Dockside Green is a continent away, on the Pacific Ocean in Victoria British Columbia in an entirely different world. A LEED® ND Platinum project, it is created around the principles of smart growth, green building and sustainable community design in harmony with nature. It is the heart stopping eco community the world is talking about. A showpiece of sustainable design and technology, Dockside Green is a mixed use harbourfront community based on shared values and innovative amenities that help create a true sense of community, of belonging.
Just how different is Dockside Green? Dockside’s vision is for a socially vibrant, ecologically restorative, economically sound and just community. In the first place, it tied for the world record for the most points ever achieved under the LEED® Platinum rating system in the new building category. This award winning development includes residential, live/work, retail, office, light industrial uses and extensive public play areas and cultural centres.
Eventually, it will include 26 buildings totalling 1.3 million square feet, and be home to about 2,500 people in three neighbourhoods – Dockside Wharf to start, followed by Dockside Commons and Dockside Village. “We believe in the building and growth of communities,” said Kelly O’Brian, Operations and Marketing manager with developer Vancity. “With that comes a responsibility to ensure all aspects of a holistic approach to development are considered and given equal billing. Dockside Green is a triple bottom line development with shared focus on economic, environmental and social goals.”

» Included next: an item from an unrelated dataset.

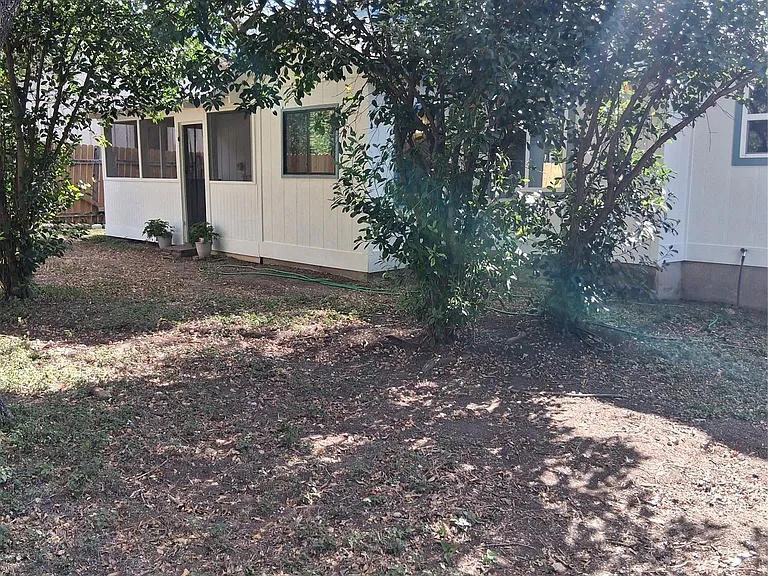 8904 Linton Dr — Photo 15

Dockside was the first development in North America to attempt a master-planned community to this scale with such a strong focus on sustainability. Anytime you are a leader in an industry you will run into roadblocks and learn lessons along the way…you’re cutting the path. For example in our first phase Synergy we opted to include motion sensor lighting in common areas, bathrooms and closets. While this worked well in the common areas an issue arose with this lighting in the bathrooms and closets with the lights turning off while the room is occupied or turning on repeatedly if the sensor was activated by a pet.
Due to the constant overuse and unsuitable ballast installation the lights often failed. We remedied this situation with replacing all the sensors with standard light switches in each suite. It was costly, but because it was an issue related to design we therefore felt it was our responsibility to bear the entire cost of the remediation. And yet, O’Brian said, “Keeping with the Triple Bottom Line theme having some or all of the below factors in the mix makes for a profitable, community-supported sustainable development… We strongly believe in placing equal value on each of the triple bottom line principles – each initiative (environmental, social, economic) balance/boost the other. Having a social, environmental and economic ‘conscience’ has been, in our experience, a proven recipe for success.”